I was told that the World Open held annually in Philadelphia can turn in huge profits based only on the number of entries that it received in every edition, but during the first few years of the event, the organizer was running the event at a loss. But, as the event continues year on, it become more popular as more and more players take part in the event. The event became known world over and attract chess players from all corners of the globe to participate in the event, and eventually attracting some sponsors as well.
Relating to my experience, whilst it may not be the World Open, all the events that I did was purely relying entry fees received from the players and participants. My first 2 events - the Renegade and Maverick, had impressive turnout and I did manage to get some profit out of it but the Warrior weekend was a letdown and it ran at a loss. I am not sure what the turn out will be for future events but I am hoping for the best.

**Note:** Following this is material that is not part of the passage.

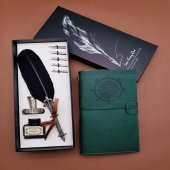 Deri Defter Ve Tüylü Mürekkepli Kalem Seti - 1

Looking back at the previous events, Renegade success can be attributed to the fact that it was organized early in the year and Maverick was 2 weeks before the National Closed - there are some elements of "hunger" for players to take part in these events. On the other hand, the Warrior event was held during school exams week and in view of the coming MSSM, there were also a few selection events for the schools running during the same weekend. There were also weekend events ran 2 or 3 weekends prior to Warrior i.e. Ampang Chessmaster including events held in Perlis, Terengganu and also the Selangor Open hence, there could also be an element of "burnout" from the players - they just had too much chess to deal with. Anyway, events will go on and in view of the coming Puasa month and Raya celebration, the next weekend event should be sometime in September and I am hoping for more players to come and play - after all the celebration that all of us have had.
Organizing events has its ups and downs and there are plenty of rooms for improvement that can be learned from it. In most cases, players and parents continue to show their support despite some unfavorable incidences that may occur from time to time in the events. It is understandable that organizers - me included, are prone to make mistakes but, the most important thing is how we learn and move forward to improve the situation and not repeat the same mistake again. But, this is not a task for me alone because I do believe that both organizer and players, spectators, supporters and parents need to work together to improve the tournament condition in our country.
A friend of mind once said "I respect the players but I respect the organizers more because without the organizers, there would be no event for chess players to play in, and when there is no event, there is no rating and no title."